[Caption-style text data]
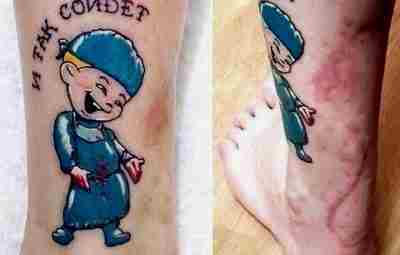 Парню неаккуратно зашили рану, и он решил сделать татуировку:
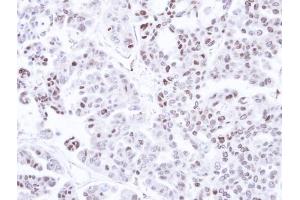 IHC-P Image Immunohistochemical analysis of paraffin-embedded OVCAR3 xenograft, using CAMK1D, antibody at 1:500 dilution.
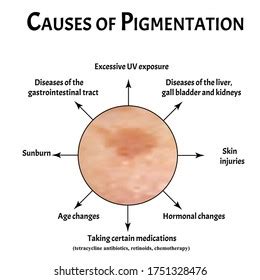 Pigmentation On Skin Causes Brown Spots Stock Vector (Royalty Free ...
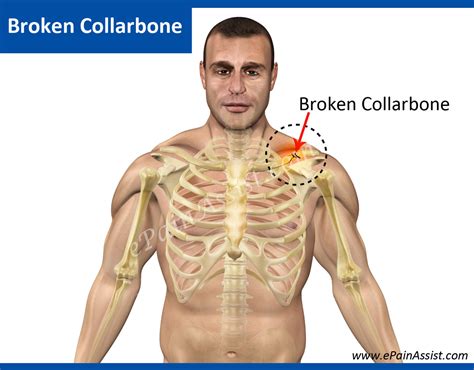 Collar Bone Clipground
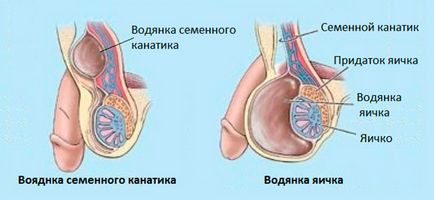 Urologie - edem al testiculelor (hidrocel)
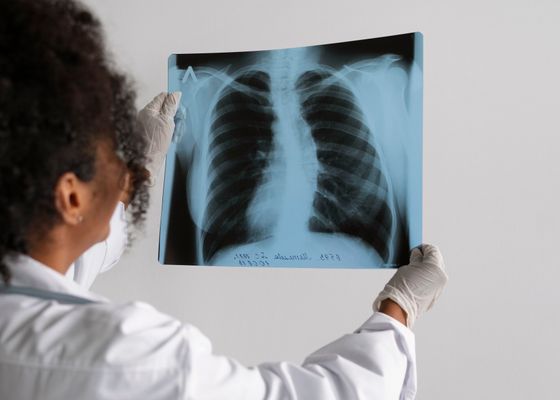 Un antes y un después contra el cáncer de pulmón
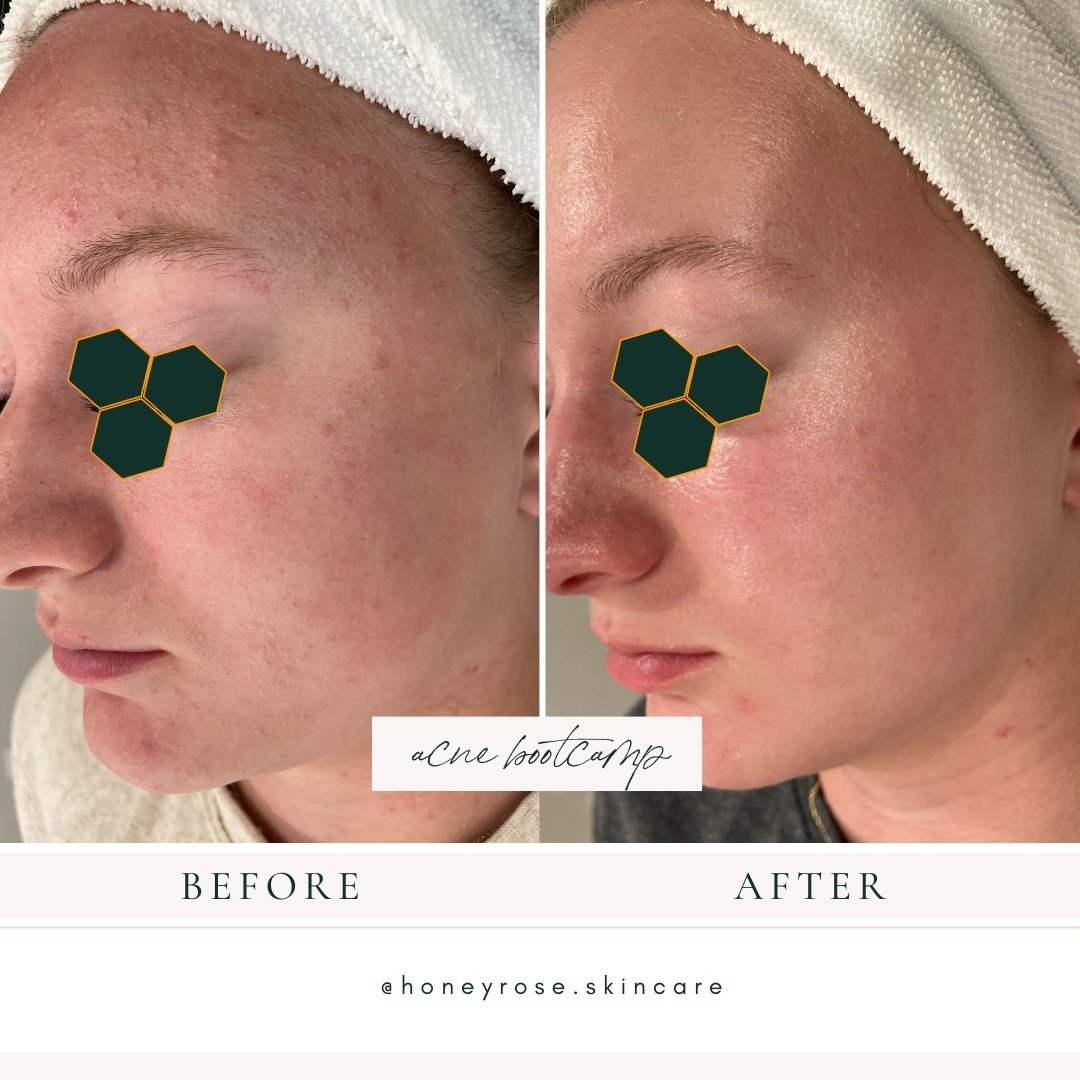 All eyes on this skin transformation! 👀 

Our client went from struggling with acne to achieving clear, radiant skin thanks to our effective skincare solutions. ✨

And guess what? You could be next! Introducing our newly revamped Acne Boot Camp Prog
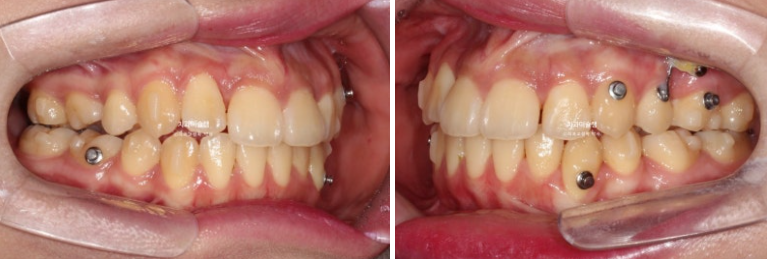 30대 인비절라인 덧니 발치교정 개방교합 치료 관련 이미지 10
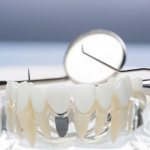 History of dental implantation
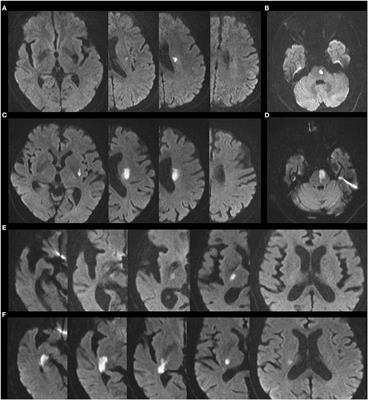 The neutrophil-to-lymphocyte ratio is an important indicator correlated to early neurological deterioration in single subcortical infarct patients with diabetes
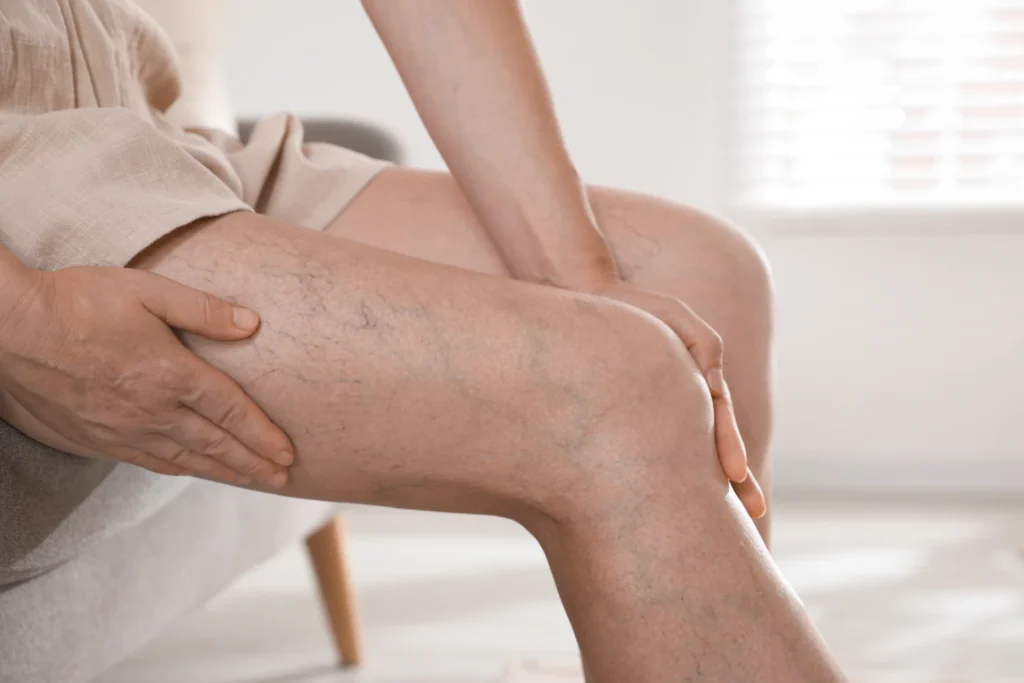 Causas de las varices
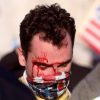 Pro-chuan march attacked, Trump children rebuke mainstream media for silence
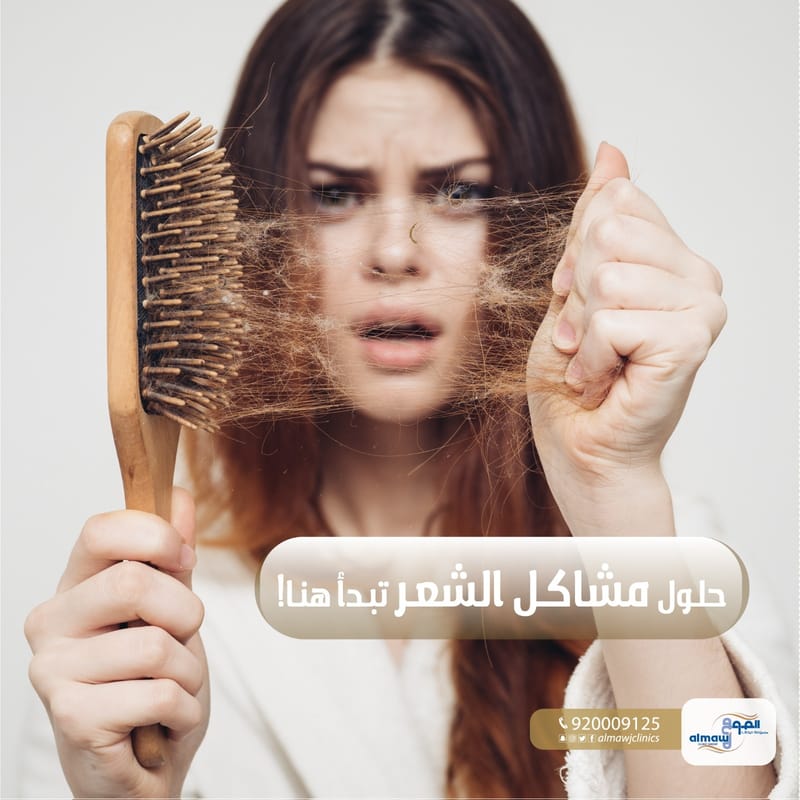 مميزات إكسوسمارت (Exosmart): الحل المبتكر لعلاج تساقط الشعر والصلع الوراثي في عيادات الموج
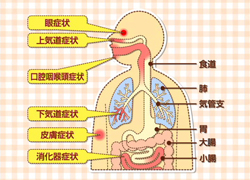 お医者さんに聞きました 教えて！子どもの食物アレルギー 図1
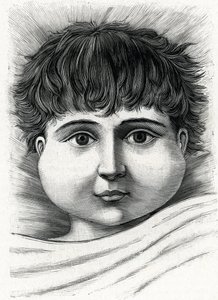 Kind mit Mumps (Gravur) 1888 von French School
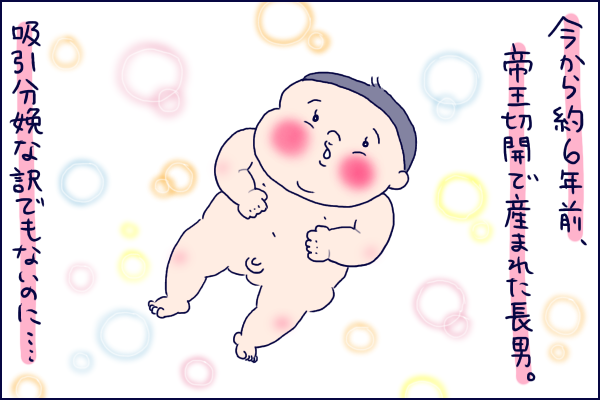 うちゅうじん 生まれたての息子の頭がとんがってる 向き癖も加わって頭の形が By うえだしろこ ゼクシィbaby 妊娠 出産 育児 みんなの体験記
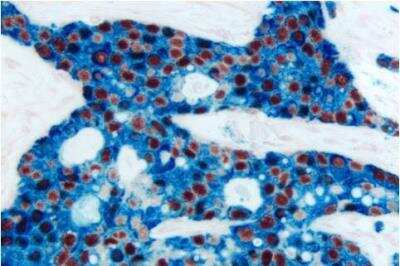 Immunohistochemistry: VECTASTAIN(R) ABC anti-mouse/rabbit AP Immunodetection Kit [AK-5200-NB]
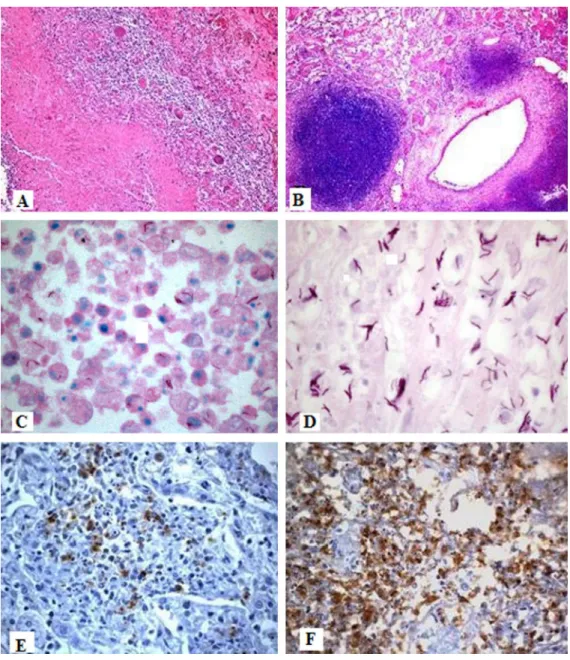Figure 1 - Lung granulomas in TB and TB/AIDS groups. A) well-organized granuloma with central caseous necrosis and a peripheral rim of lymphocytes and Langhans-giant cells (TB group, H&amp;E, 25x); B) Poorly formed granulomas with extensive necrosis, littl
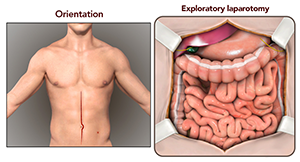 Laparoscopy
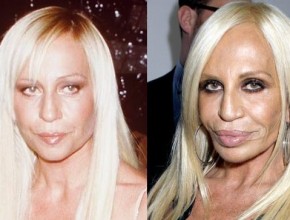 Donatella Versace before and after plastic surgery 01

**Directions for this task:** Reproduce the records above exactly, but only from the line with "Kind mit Mumps" up to and including the line with "Immunohistochemistry: VECTASTAIN(R) ABC". Leave the pictures out.

**Finished exercise:**
 Kind mit Mumps (Gravur) 1888 von French School
 うちゅうじん 生まれたての息子の頭がとんがってる 向き癖も加わって頭の形が By うえだしろこ ゼクシィbaby 妊娠 出産 育児 みんなの体験記
 Immunohistochemistry: VECTASTAIN(R) ABC anti-mouse/rabbit AP Immunodetection Kit [AK-5200-NB]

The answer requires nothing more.